§ **Aim of the exercise**
All lines from the one that contains "Howdy, this is" to the end of the data must be retyped exactly. Pictures are not retyped.

§ **Provided material**
=== Begin Enclosure ===

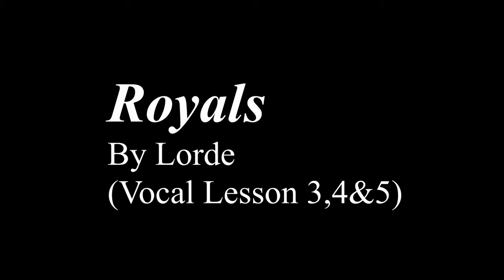Hey guys, the next song we are about to learn is 'Royals' by Lorde. Today we'll learn how to sing the first four lines of the song. Before learning, I want you to practice the scale of D mixolydian — if you haven't practiced that, please go do that first. I'll also attach the link to the song in the description so you can listen to it before watching this tutorial.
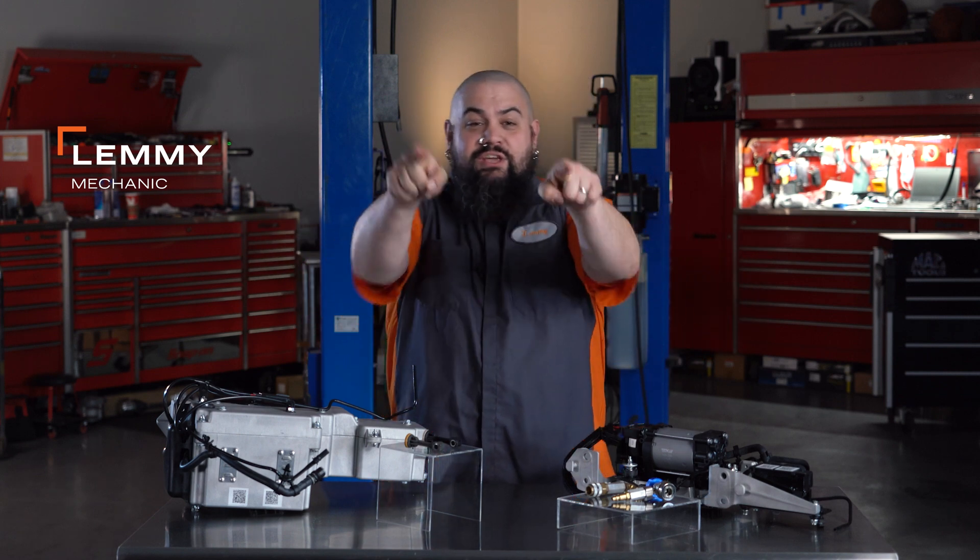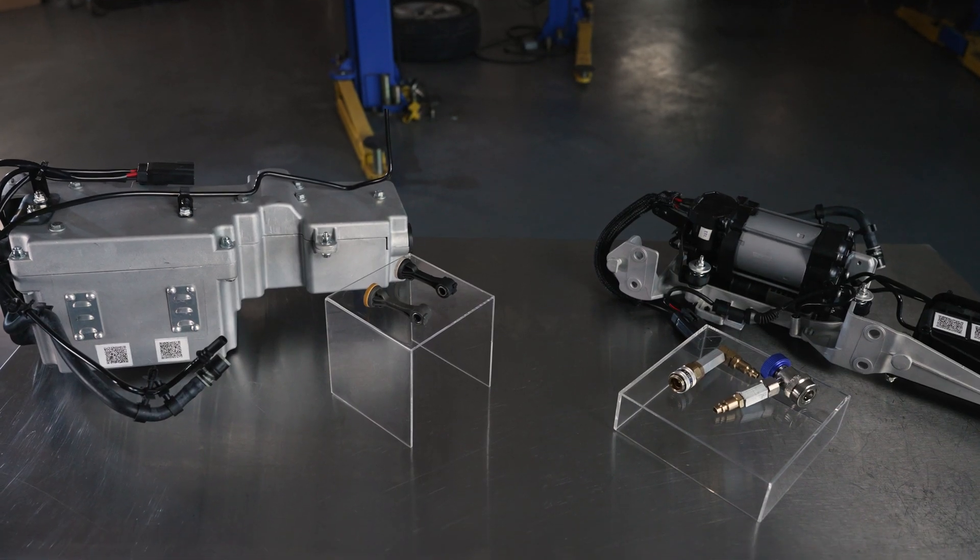Howdy, this is Lemmy with Dorman Products here to talk to you today about our OEFIX nitrogen compressors.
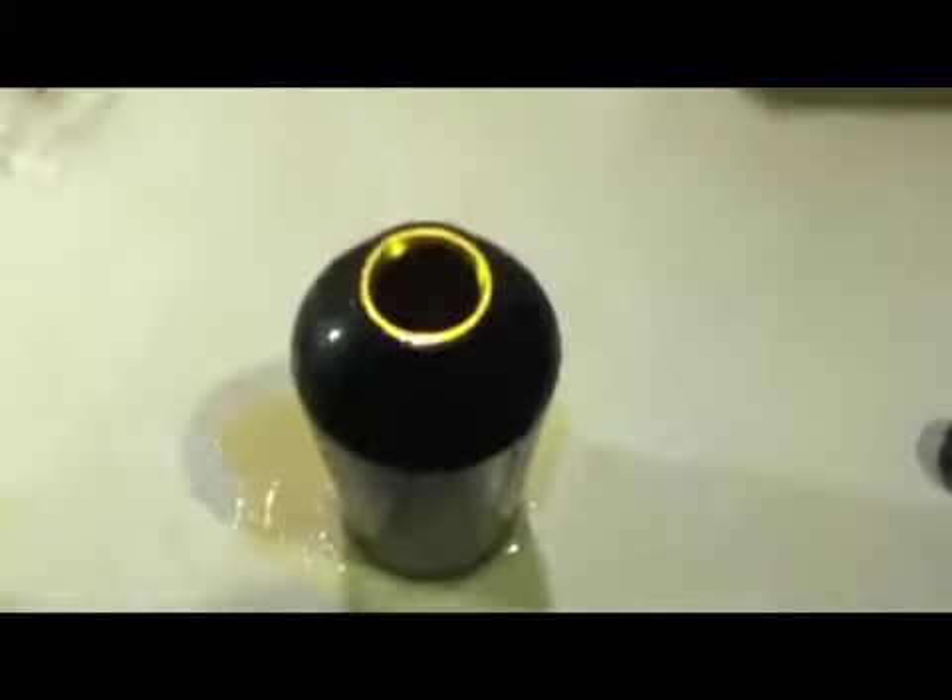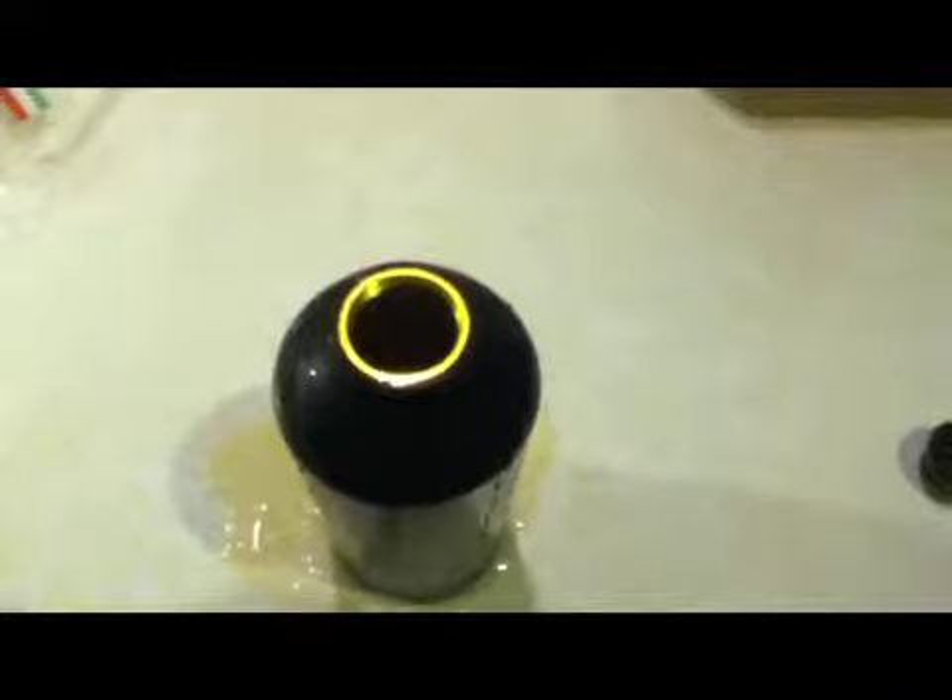I'm going to show you the final product quick. Can't really see in there, but this is kind of what the container looks like up close. Now I'm going to shake it and chill it. Shake it, shake it, shake it like a Polaroid picture.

=== End Enclosure ===

§ **Exercise answer**
Howdy, this is Lemmy with Dorman Products here to talk to you today about our OEFIX nitrogen compressors.
I'm going to show you the final product quick. Can't really see in there, but this is kind of what the container looks like up close. Now I'm going to shake it and chill it. Shake it, shake it, shake it like a Polaroid picture.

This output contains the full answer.